Saturday, October 20, 2012

Consumer Products


1) The owners of Esther’s Haircutting Studio, the salon in Tarzana, California, where Britney Spears shaved herself bald in 2007, knew immediately that the relics of her breakdown were sacred. The sweepings from their floor, along with a blue lighter and the half can of Red Bull the star had left behind, went on auction a few days later with a reserve of one million dollars. The bidding may have started too low. Photographs of Brad Pitt and Angelina Jolie’s twins—images with a shelf life of less than a week—sold to a transatlantic consortium of People and Hello magazines for fourteen million the next year. The first blush of Knox and Vivienne were worth more than a midsize Lear Jet, more than a goodish penthouse apartment in Dubai, more than 1.4 million malaria nets. It may seem ridiculous, but we value these artifacts so highly for a reason: they belong to the spirits that guide us through the stages of modern life.

2) Celebrities are not appendages of our society anymore; they are the basis of our communal lives. Literature and architecture, art and politics, are at most sidelights—small, ancient alleyways down which fewer and fewer minds wander. Pop culture has long since left the word culture behind to become the primary way we understand the world. Just before she died, the film critic Pauline Kael told a friend, “When we championed trash culture, we had no idea it would become the only culture,” and she was right. The average American household now watches eight hours and twenty-one minutes of television a day. If we want to understand ourselves, if we want to understand the civilization to which we belong, we have to understand celebrities, because the modern world of freedom and loneliness has produced them as the primary communal experience. (I know more about Tom Cruise’s sexual history than I do about my cousins’.) We confront the mysteries and the terrors of life through them.

3) Celebrity culture may seem ahistorical—superficial and of the moment—but its roots reach deeply into the past four hundred years. The dominance of celebrity culture is the long triumphal march of image over substance.  (...)

11) The rise of more intense, and briefer, celebrity over the past century is a side effect of the movement from silent film to the camera phone. Andy Warhol’s dictum that everyone in the future will have fifteen minutes of fame was probably overstating the duration. Viral videos have given the briefest, most superficial fame to a boy doing light-saber tricks, a man attempting to knock down the Oasis frontman, a baby laughing maniacally for a couple of minutes.

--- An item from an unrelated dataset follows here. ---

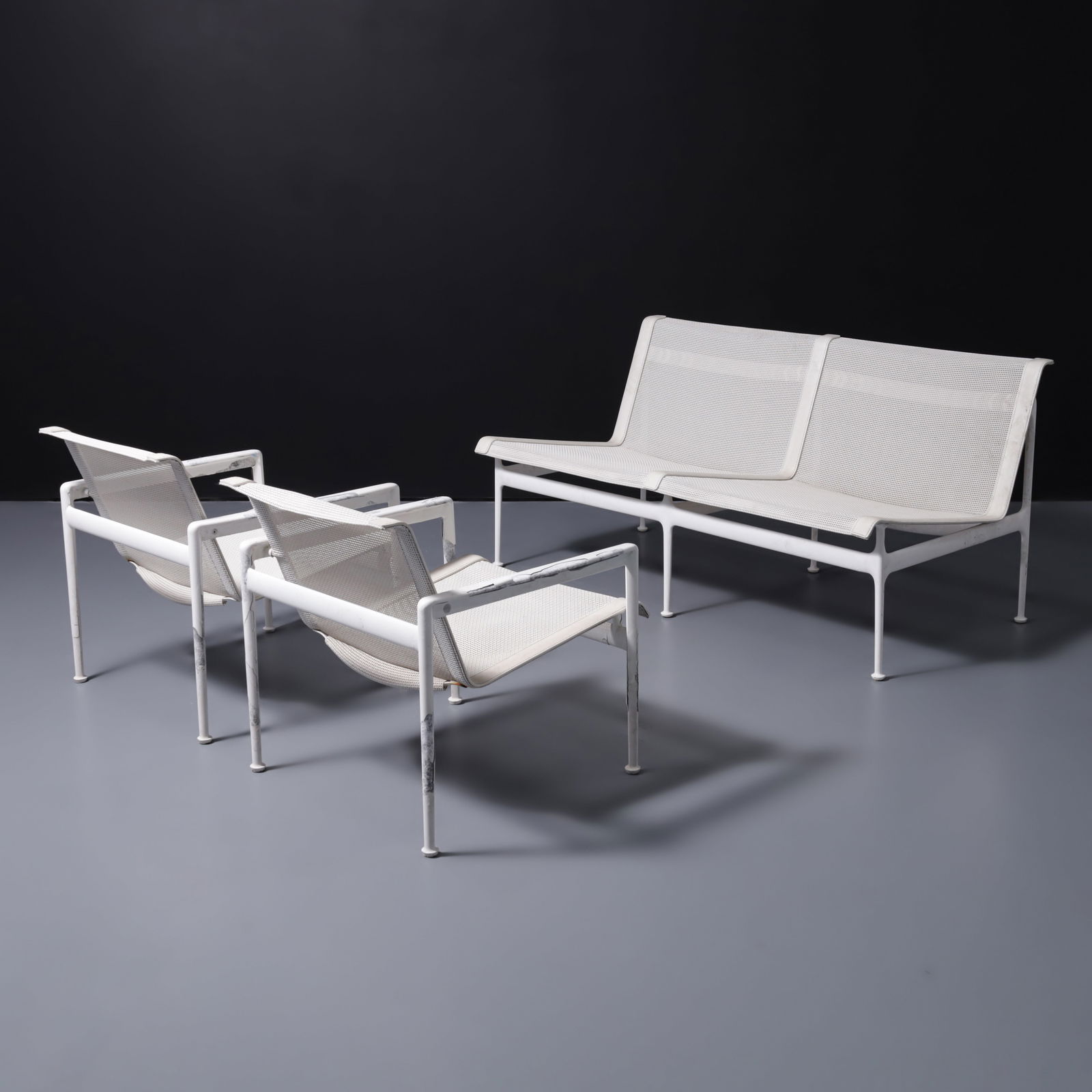 Pair of Richard Schultz Lounge Chairs & Loveseat (1 of 9)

12) Within the maelstrom of image, however, certain celebrity types return to the public consciousness again and again. Gwyneth Paltrow is not just Gwyneth. Without Greta Garbo, there is no Grace Kelly; without Grace Kelly, there is no Gwyneth. The power of this particular trope—the blond princess—is huge; Great Garbo was the most charismatic actress in history. Avenue Princess Grace in Monaco is the most expensive stretch of real estate in the world, over twice the per-square-foot value of an average Fifth Avenue apartment. Each manifestation of the Gwyneth/Grace/Garbo figure wears the skin of the previous manifestation. For women, along with the blond princess, we have the blond whore (Mae West, Tallulah Bankhead, Marilyn Monroe, Madonna), the exotic (Sophia Loren, Penélope Cruz), the independent (Katherine Hepburn, Barbara Strei­sand, Ellen Burstyn). Among men, the tough guy, the consummate gentleman, the upstanding fellow, the outsider, the shlub, the permanent child, the destroyed adolescent, the man who consumes himself to death, have all been constantly reinvented. As in any other form of polytheism, gods appear and disappear, built to fit time and occasion and place. No matter what social change is under way on the playing field of history, the gods above remain; they hover over the changing world without moving. There has always been a James Dean, there will always be a James Dean.